Abstract:
More than 1-2 million people in Ethiopia are estimated to be deaf or hard of hearing, according to the
Ethiopian National Association for the Deaf and a 2019 report from the Department of Linguistics at
Addis Ababa University on empowering the Deaf in Africa. For those people, the only means of
communication is sign language. Sign language is a form of communication used by people with
impaired hearing and speech. These hearing- impaired communities can communicate by using sign
language. Even if it is widely used in the hearing-impaired community, they struggle to communicate with
hearing people due to the language barrier. Due to this communication gap hearing-impaired people
encounter so many problems in their daily life since they are living with people who communicate in
spoken languages. Unfortunately, few people have knowledge of sign language in our daily life. In
general, interpreters can help us to communicate with these challenges, but it is expensive to employ
interpreters on personal behalf and inconvenient when privacy is required. Consequently, it is very
important to develop a system that fills the communication gap between the hearing impaired and
hearing people.
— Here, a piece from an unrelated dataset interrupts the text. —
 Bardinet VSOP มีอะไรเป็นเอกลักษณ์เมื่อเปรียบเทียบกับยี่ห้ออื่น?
To address this problem, many researchers have studied the recognition of Ethiopian
Sign Language, but they are mainly restricted to studying word-level (Isolated) recognition. A few
researchers attempted to study sentence-level recognition using various techniques, but their results
revealed a signer-dependent issue as well as insufficient system accuracy. Therefore, the researcher
proposed Ethiopian Sign Language Recognition from Video Sequences by using pretrained CNN and RNN
Models, which recognizes continuous gestures from a video stream performed by different signers.The
main focus of this work is to create a vision-based continuous sign language recognition system to identify
Ethiopian sign language gestures from video sequences using CNN and RNN models. The proposed
model is composed of three major processes: preprocessing (hand, pose, and face landmark detection
with mediapipe holistic), feature extraction with the CNN model, feature learning, and classification with
LSTM. In the feature extraction phase, the characteristic features are extracted, and the distinguishing
features are learned in the feature learning phase by applying different operations such as convolution,
pooling, and an activation layer. For feature learning, in our study, we have applied a Bidirectional Long Short-Term Memory (BiLSTM) model. Hosanna Deaf School and Jimma Zone Disability Center
provided us with the data for our experiment. Our data set consists of continuous gestures, with
around 300 videos belonging to 5 gesture categories performed by different signers. We extract each
video to frames using the OpenCV library and pass each frame through mediapipe holistic for
prepossessing.The proposed system is implemented using Keras, TensorFlow on Google collab. We present
continuous gesture recognition by combining two different neural network architectures. In the first case,
CNN and RNN are used. The CNN model was retrained on the VGG16 model. In the second architecture,
there is a CNN followed by a GRU. The two models achieved 85% and 70% accuracy, respectively. Our
study explored the ability of these two architectures to recognize 5 daily usage sentences. Due to the fact
that some gesture signs begin with the same movement and others overlap in the middle, the model is
confused when it attempts to recognize continuous gesture signs. To improve system accuracy, more
data collection with high resolution cameras is required, along with the application of different holistic
algorithms.